Since its inception, the team has averaged about 16 students each year, Estep said.
“I don’t think the kids at the high school know about it, since it’s all through FFA,” he said.
Estep and his fellow coaches also have had to go outside of the school for most of the team’s funding.
“What attracted me to coming to Texas City is I went to two events and I was blown away by the community support this program has,” Noto said. “The opportunities are endless, and I knew I’d be a fool to pass up that opportunity.”
Noto jokes that while Estep and his assistants handle most of the coaching — Noto only learned how to skeet shoot this year — he functions as the team’s chief financial officer.
“I go out and make sure we have the money to keep things going,” Noto said.
Each time the team has needed something, the community has been highly receptive, Estep said.
“The school bought us a gun safe,” Estep said. “Everything else has been through sponsors.”
Sponsors are especially important to the team because, without them, the students would have to foot the bill.
“There’s some financial support by the parents required if we can’t find a sponsor,” Estep said. “There are some kids who would love to be on the team, but just can’t afford it.”

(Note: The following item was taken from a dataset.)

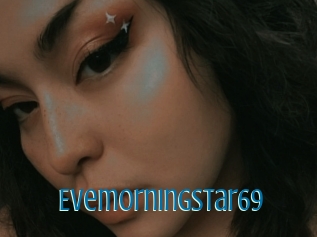 Evemorningstar69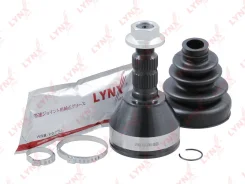���� �������� | ����� ����/��� | LYNXauto CO3789 CO3789 ����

Despite the difficulties, Estep swears by the importance of the sport.
“Every kid can’t play football or baseball or even soccer,” Estep said. “We need other sports, and shooting was the most popular one for a long time.”
For Estep, teaching kids to shoot guns is an important task — one he considers central to his life now.

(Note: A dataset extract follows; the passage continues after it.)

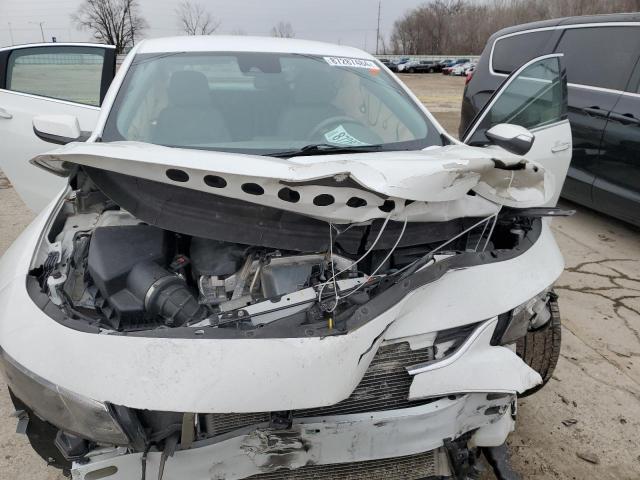 2016 CHEVROLET MALIBU PRE - 1G1ZH5SX9GF329786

“It’s just the responsibility of learning to shoot a gun,” he said. “In our sport, safety is extremely important. Shooting isn’t a physical, so much as a mental sport.”
Texas City’s skeet shooting team has ranked as high as sixth in the state of about 250 schools participating.
“Shooting is the fastest-growing sport across the nation,” Noto said.
With men like Estep helping to impart a passion for shooting, he hopes that trend will only continue, he said.